Exposing Screens

The Exposure Table-


At the heart of screen printing is the creation of the screen. One of the earlier techniques, drawing fluid and filler,  featured artwork created directly on the surface of the screen .  When the printing is complete, the artwork is removed from the screen and lost during screen reclamation.  Exposing a master image to a photosensitive emulsion on a screen allows the reclamation of screens without loss of the artwork.  Now the screens are simply tools of the craft rather than artwork originals.

Exposure tables are a nice tool to have although screens can certainly be "burned" using halogen shop lights and a watch.  Screens can even be exposed using the sun!  At it's core, an exposure table consists of a bright, non-point light source and a way to hold the artwork master tightly to the emulsion on the screen.  A tight fit reduces light bleed and allows detail to be transferred to the emulsion.  Several types of masters can be used including printed film, Rubylith or printouts from a Laser Printer.  Simply adjust the exposure time to suit the media.
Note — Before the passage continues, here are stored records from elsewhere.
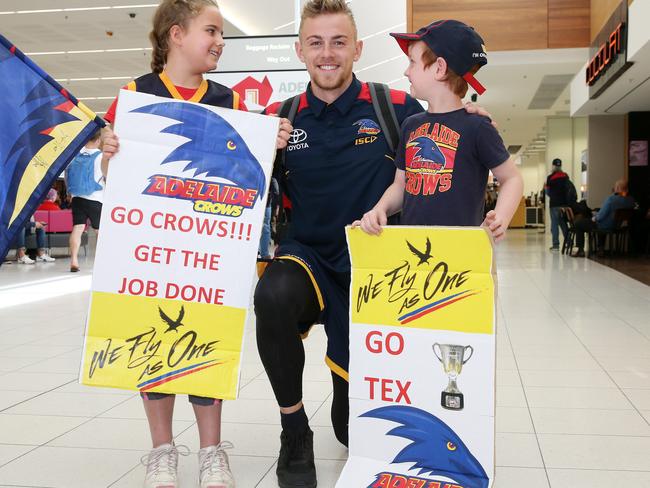 Crows’ Hugh Greenwood with young fans Olivia and William Abbott at Adelaide Airport before flying for Melbourne. Photo: Calum Robertson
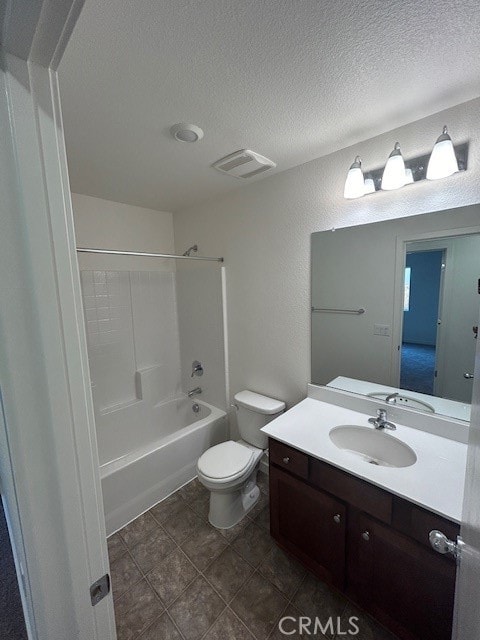 full bathroom with toilet, tile patterned floors, bathtub / shower combination, vanity, and a textured ceiling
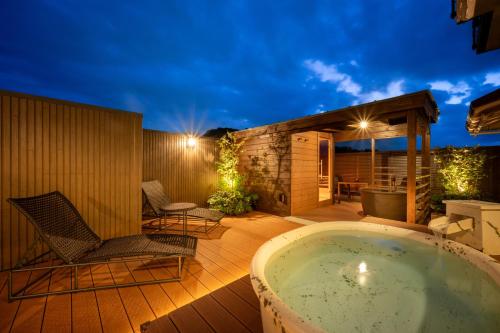 a jacuzzi tub on a deck at night at Tendo Onsen TAKINOYU in Tendo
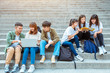 © Tom Wang - Group of students studying on the stairs  at campus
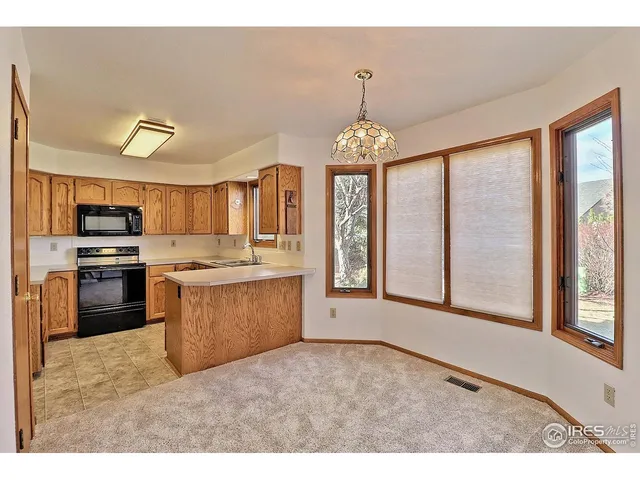 a view of a kitchen with a sink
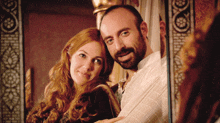 a man with a beard and a woman with long red hair are posing for a picture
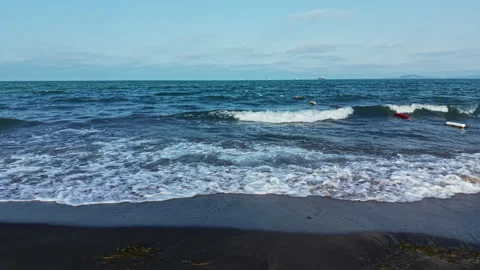 Waves crash on a dark sandy beach with distant ships and a clear blue sky in the Stock Footage 337883915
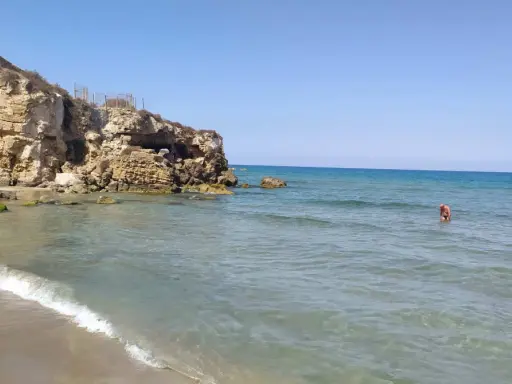 Spiaggia di Eloro con scogliere rocciose, mare azzurro e una persona che fa il bagno.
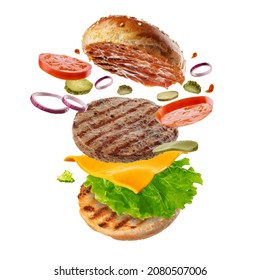Flying burger. Big tasty hamburger with flying elements.  Explosive cheeseburger - Shutterstock ID 2080507006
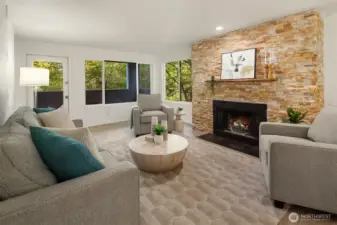The living room with welcoming fireplace (fire added for effect, buyer to verify functionality) and seamless connection to covered deck.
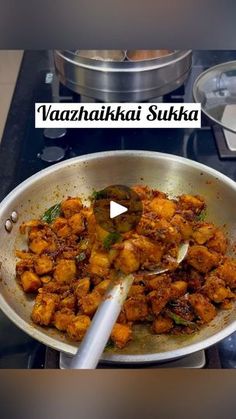 a pan filled with food sitting on top of a stove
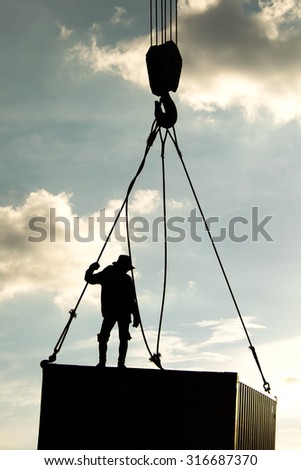 Silhouette of container crane with people working , lifestyle work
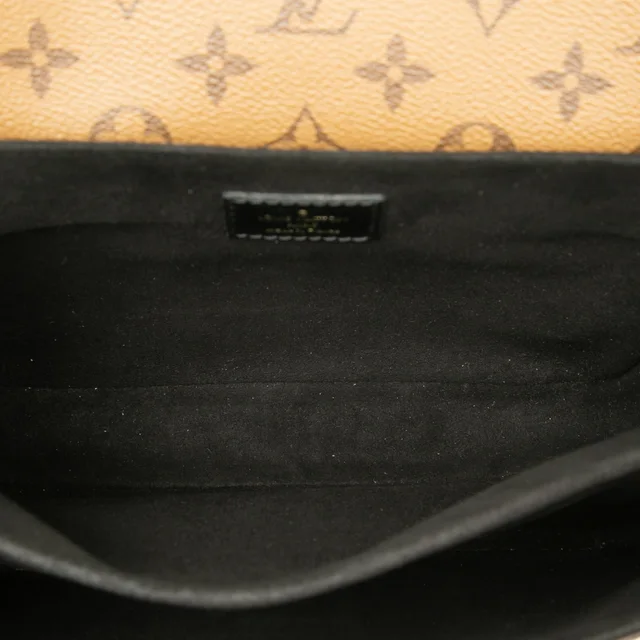 Brown Louis Vuitton Monogram Reverse Pochette Metis Satchel in Brown Coated canvas from Designer Revival, photo 2 of 2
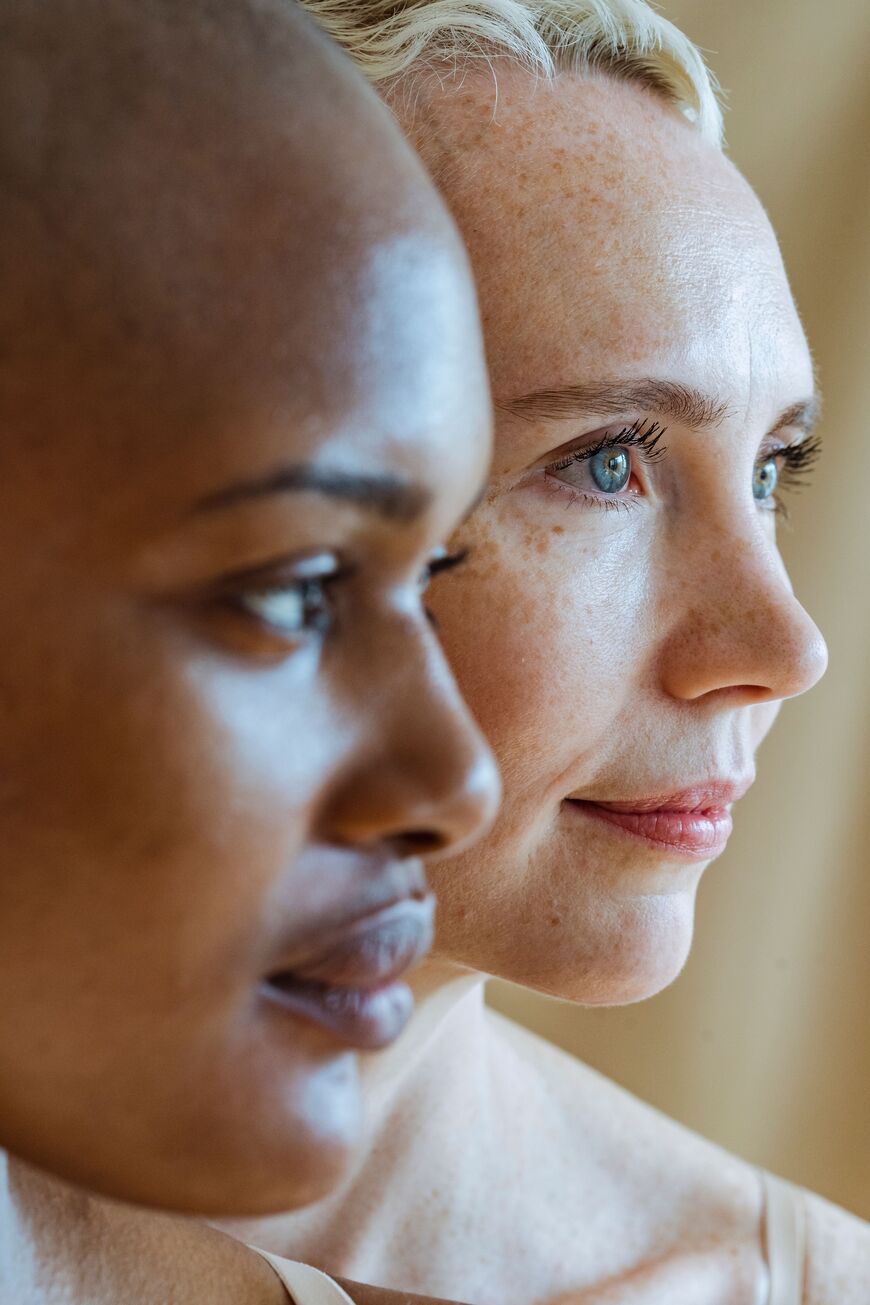 Two women stand side by side in close-up, one with dark skin and a shaved head, the other with light skin, blue eyes, and blonde hair, both looking thoughtfully into the distance.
Exposure times for a range of media

Using the Exposure Table-

Using the exposure table is a straightforward task.  Simply open the top and place your artwork master on the glass.  Place it as it would normally be placed viewing or reading.  Then place the screen, with the emulsion in contact with the master, on the glass. Taking care to center the image in the screen now will make things easier to register later!  A rough placement on center is OK, precision is not needed at this stage.  When using a  a vacuum table, check for a bit of rope and lead this from the outside to the inside of the screen frame.  In the image below, the rope is in the upper left of the screen.  This allows vacuum to draw down in the center of the screen for the best contact between art and emulsion.  Good contact is equivalent to good detail.




Initial Set up.


Now that things are positioned, it's time to burn the screen!   Shut the top and secure the latches on each side.  Set the exposure time for five minutes (this is a laser print master) and start the vacuum pump.  It will take a few minutes to draw down full vacuum.




Exposure table control panel.




Starting to draw down.




About half way done.




Vacuum complete and ready to expose!


Once the vacuum has everything tight, flip the exposure switch.  The timer, set previously, will shut the machine off when it's done.  If things have gone as planned, the master image should be exposed to the emulsion, creating the stencil needed for printing.  Most screen printing processes use art "positives". Where there is black on the master- or red in the case of Rubylith, will be where the ink will print. This exposure table shuts off automatically by using it's built in timer.  Other exposure units will require watching a timer and will need to be shut off by hand.  Like film, emulsion can be over-exposed so watch and double check the exposure times!  A final note NEVER place any objects on the top of the rubber vacuum sheet.  Doing this wears out the rubber sheet prematurely.  The rubber is under tension and a small poke leads instantly to a large hole, and a large replacement expense!


As soon as the screen is exposed it can be retrieved and washed out. Don't forget to retrieve the master in case another screen needs to be made.


If it washes out cleanly, it's ready to print after it dries.  If there are areas that need a little help washing out, a Magic Eraser can help but use it lightly.